Supplied material -
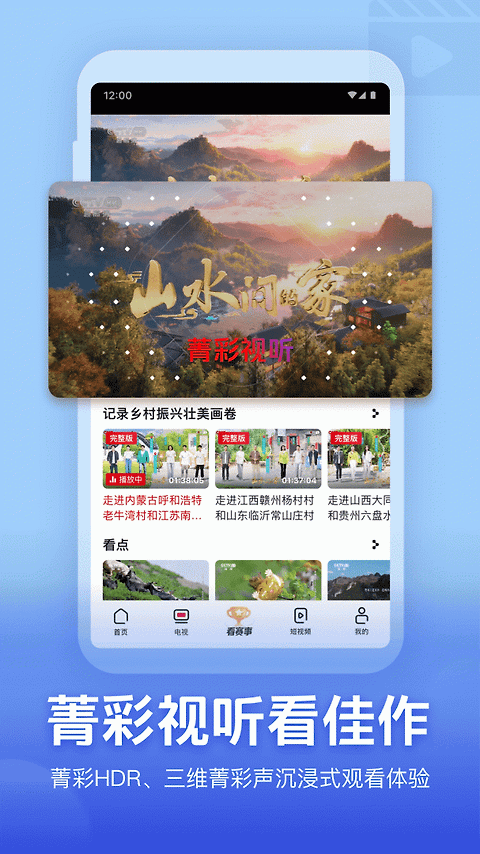央视频app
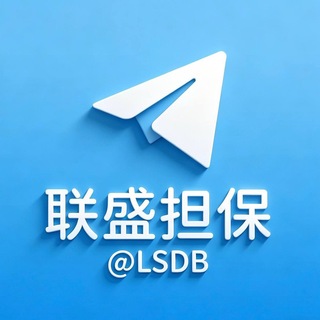 Telegram profile photo for 担保公群频道@sbdh
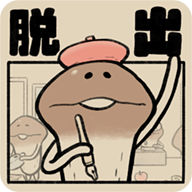 菇菇脱逃游戏 中文版图标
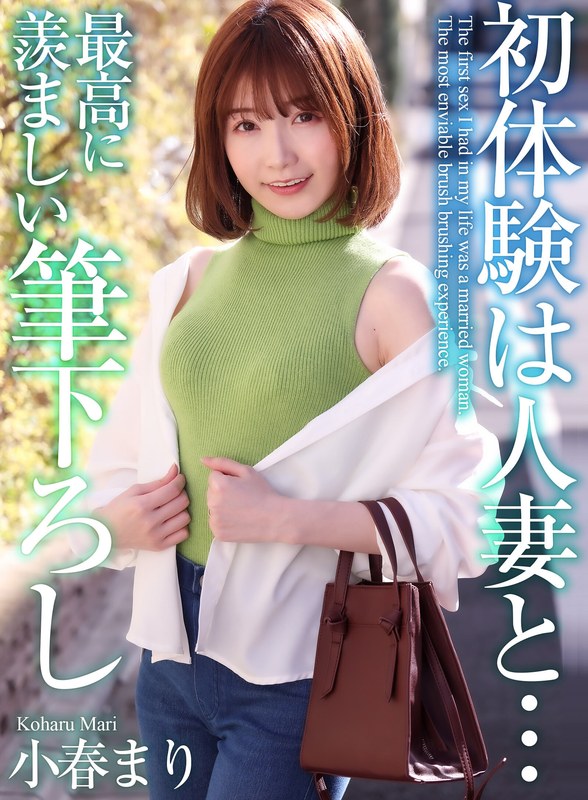 MASE-0524K初体験は人妻と…最高に羨ましい筆下ろし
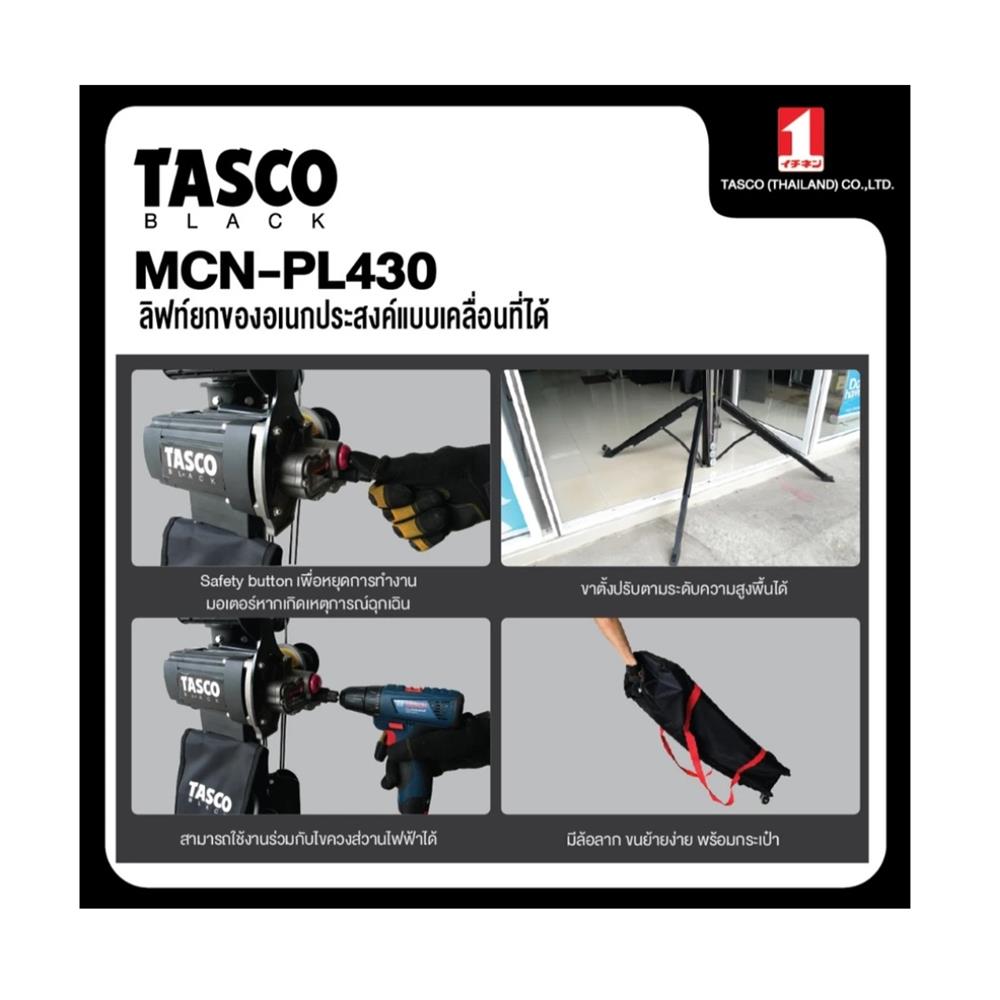 ลิฟต์ยกอเนกประสงค์ TASCO BLACK MCN-PL430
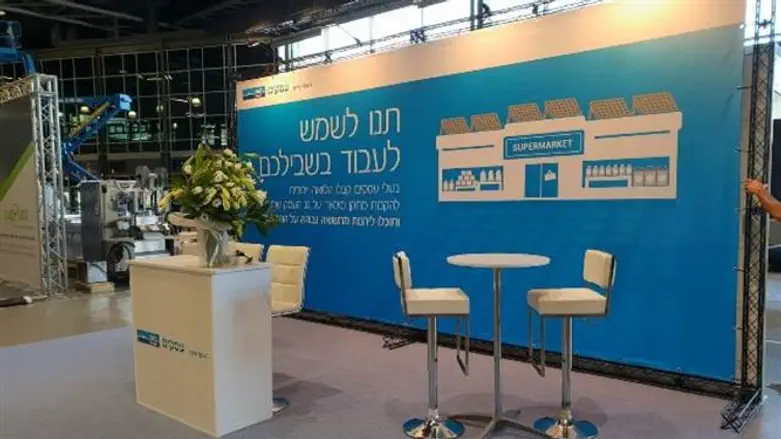 ביתנים לתערוכות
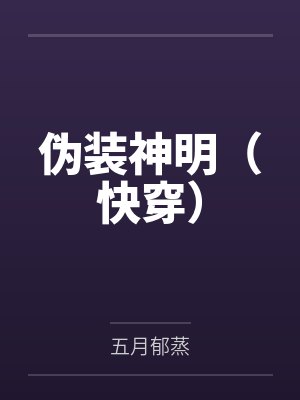 伪装神明五月TXT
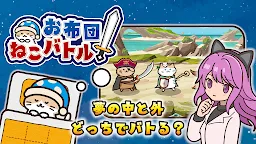 Screenshot 7: お布団ねこバトル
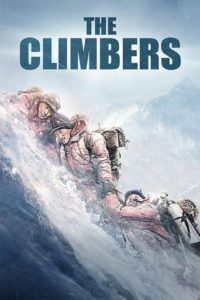 The Climbers 2019 HD | монгол хэлээр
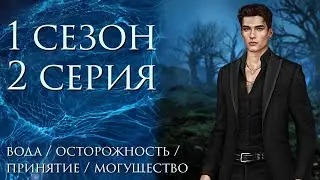 Неокситы | 1 сезон 2 серия | Ааран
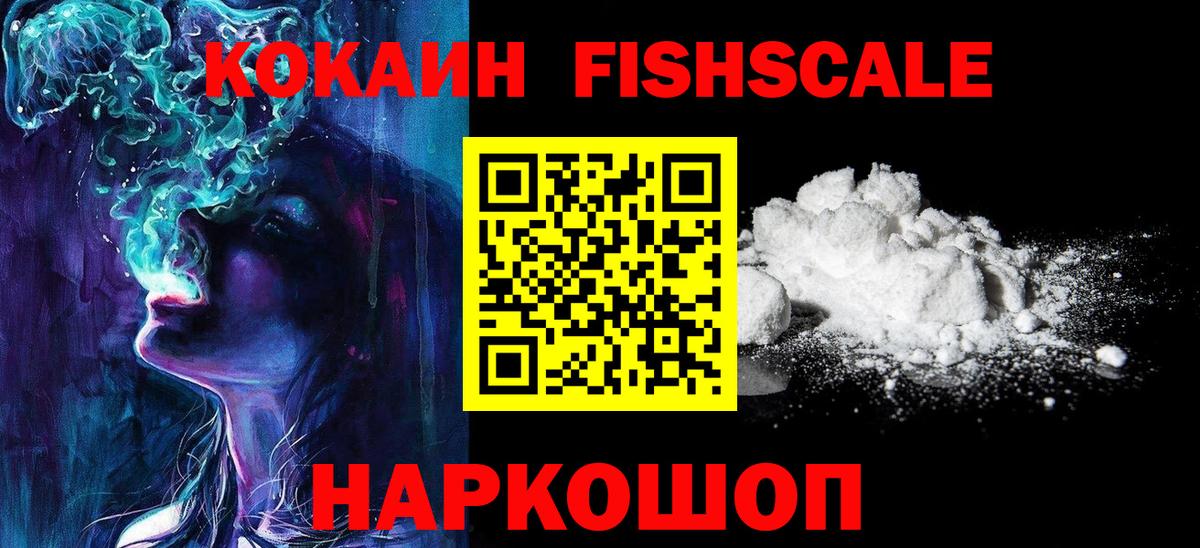 Кокаин  Кокаин Эквадор  Вход с VPN  КОКАИН FishScale  Котовск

What you need to do - The whole listing above must be returned exactly as written, with no pictures carried over.

Solution to the problem -
央视频app
 Telegram profile photo for 担保公群频道@sbdh
 菇菇脱逃游戏 中文版图标
 MASE-0524K初体験は人妻と…最高に羨ましい筆下ろし
 ลิฟต์ยกอเนกประสงค์ TASCO BLACK MCN-PL430
 ביתנים לתערוכות
 伪装神明五月TXT
 Screenshot 7: お布団ねこバトル
 The Climbers 2019 HD | монгол хэлээр
 Неокситы | 1 сезон 2 серия | Ааран
 Кокаин  Кокаин Эквадор  Вход с VPN  КОКАИН FishScale  Котовск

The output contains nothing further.